An editorial in Sunday's New York Times by G. Geoffrey MacDonald entitled, "Congregations Gone Wild" has drawn quite a bit of interest. Click here to read it. It's an editorial continuing the conversation brought about by a NY Times article noting the rise in clergy burnout. MacDonald continues the conversation by asserting that the source of clergy burnout is more than just the rise in the physical, emotional and spiritual demands of ministry. It's exacerbated by the shift in what's expected from today's ministers.
"The pastoral vocation is to help people grow spiritually, resist their lowest impulses and adopt higher, more compassionate ways. But churchgoers increasingly want pastors to soothe and entertain them. It’s apparent in the theater-style seating and giant projection screens in churches and in mission trips that involve more sightseeing than listening to the local people."
I don't believe seats and screens usually demonstrate anything other than a contemporary move in most churches. However, his broader point that there are visible signs of the shift from the biblical role of the minister and the expected role of today's minister is on target. It's true that some congregations and "boards" of congregations put pressure on the minister to give people what they want rather than what they need. "or we'll find our spiritual leadership from someone else." I have admittedly received, over the years, more "suggestions" on how I should dress than what I preach or subjects for prayer. In general, however, I've been blessed to have avoided the kinds of environments MacDonald describes for most of my journey in ministry thus far. Such churches inevitably decline, because God doesn't bless such churches.
"Congregations that make such demands seem not to realize that most clergy don’t sign up to be soothsayers or entertainers. Pastors believe they’re called to shape lives for the better, and that involves helping people learn to do what’s right in life, even when what’s right is also difficult."
Right he is. He ends the article strongly.
"Ministry is a profession in which the greatest rewards include meaningfulness and integrity. When those fade under pressure from churchgoers who don’t want to be challenged or edified, pastors become candidates for stress and depression. Clergy need parishioners who understand that the church exists, as it always has, to save souls by elevating people’s values and desires. They need churchgoers to ask for personal challenges, in areas like daily devotions and outreach ministries. When such an ethic takes root, as it has in generations past, then pastors will cease to feel like the spiritual equivalents of concierges. They’ll again know joy in ministering among people who share their sense of purpose. They might even be on fire again for their calling, rather than on a path to premature burnout."
As serious of an issue as clergy burnout is, the biggest issue for churches is that God won't bless such churches. In addition (and this is where I deviate from MacDonald), few actually want to be part of such a church. People want to experience the life change that God provides, and few want to waste their life doing empty religion. There is scarcely a bigger waste of life. They want to deepen their walk with God. They want some help for the journey. At the same time, they don't want the church to make spirituality unnecessarily odd or boring or embarrassing. They don't want to have their thumb sucked by leaders who lack the fortitude to do what's right instead of what is expedient–when those two collide. Not most people.
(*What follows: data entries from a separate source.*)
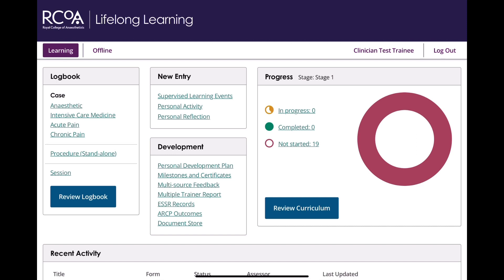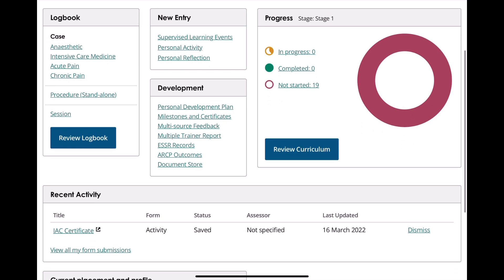If you have completed your IAC or IAOC or any others on the old curriculum, you do not need to complete them again as they have already been signed off, and the certificates will remain available to you on the LLP dashboard.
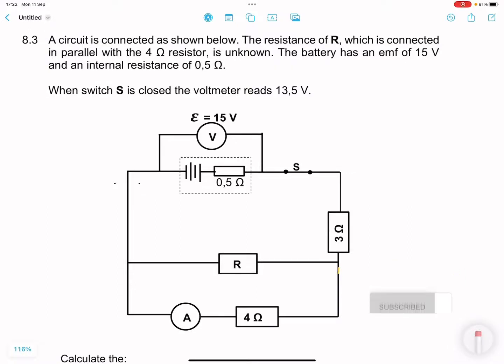Good day everyone — we're back together looking at circuits, just a reminder of how to deal with electric circuits. So if you haven't subscribed, please make sure you're part of the family. So we've got a circuit connected as shown: resistance R is connected in parallel to the 4 ohm resistor, the battery has an EMF of 15 volts and an internal resistance of 0.5 ohms, and when switch S is closed the voltmeter reads 13.5 volts.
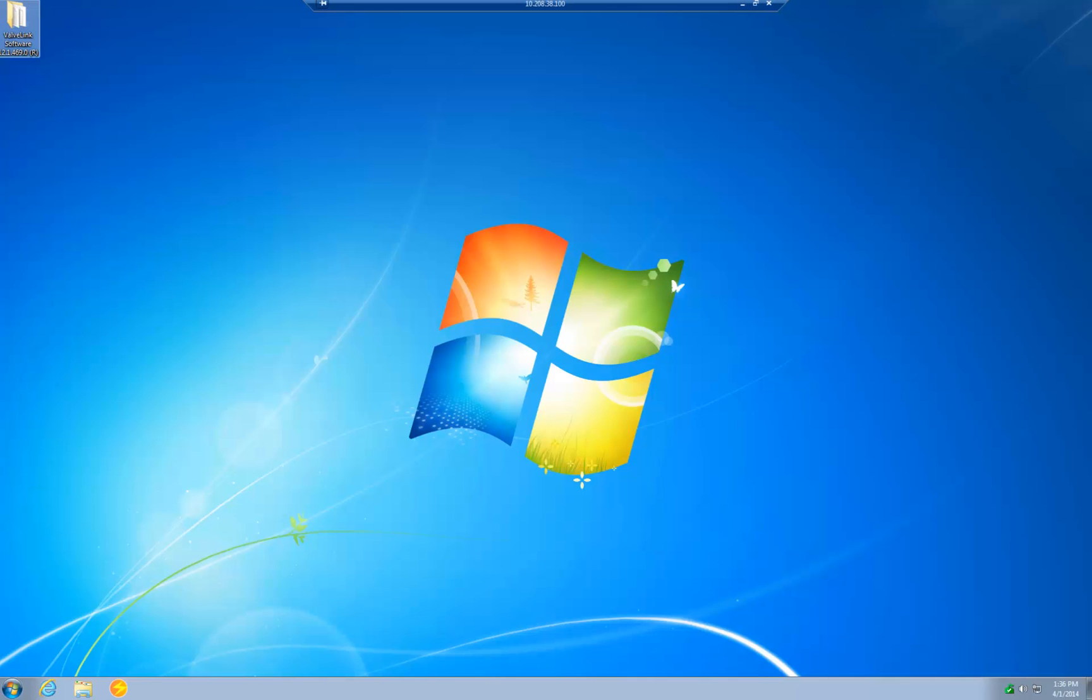VavLink should now be installed onto your computer, but we won't do anything with that yet. We are now going to open PRM. So run the Plant Resource Manager software and log in as your administrator.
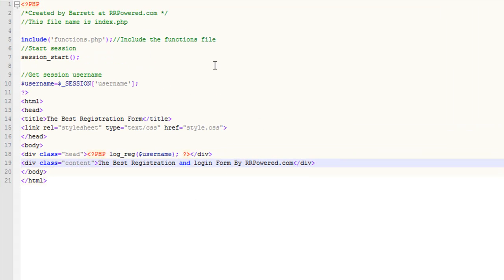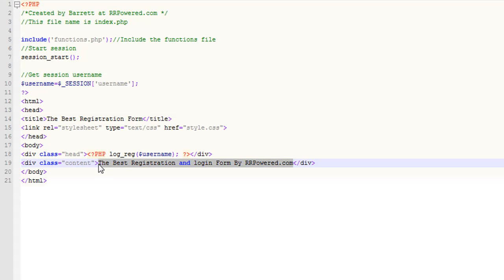I'm not going to type this all out because it would take too long. I'm just going to show you the source, and it'll soon be up on rrpower.com for the source files. The first thing we're going to do is include the functions file and then start the session. We're going to get the session username, and then include the stylesheet for this page. Then we call that PHP function in the head, which I show you on the functions page. This is just the content shown underneath the head — you guys can put whatever you want.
I don't believe MacDonald is generalizing all of Christendom as much as he's observing an emerging trend. The editorial is, on the whole, excellent, and thought provoking. Churches need to heed his warnings. Over the years, I've come to realize that just as some are too suspicious or quick to judge me–I have been, at times, too quick to assume things about them. When I've done so, it's impacted my ability to lead adversely. We shouldn't assume that because they want something different than we are currently providing they are wrong, wordly, or unspiritual. We ministers contribute to our own problems if we do so. Yes, there are worldly people in every church. There are also godly people who have a worldly moment. It's the church's task not to acquiesce or orient to them, but to pastor them out of their spiritual immaturity with all the Fruit of God's Spirit.
When we think so little of people, we will not be able to lead them well. We will lack the ability to see what God can do in their life and really believe it can happen. They will also sense how little we think of them and return the favor. I believe this is one of the ugliest results of the "the church must change or die" books and movements. You know who they are, and they create this sense of spiritual poverty in the pew and constant crisis in order to affect change. I understand the burn they feel to see the church be all it can be. However, the crisis mentality is, long-term, one of the most subliminally damaging enemies of the church. I have a lot to say on this one, but will save it for another post.
Question: Do ministers, in general, think too highly of church members or too lowly of church members? What fruit does this bear?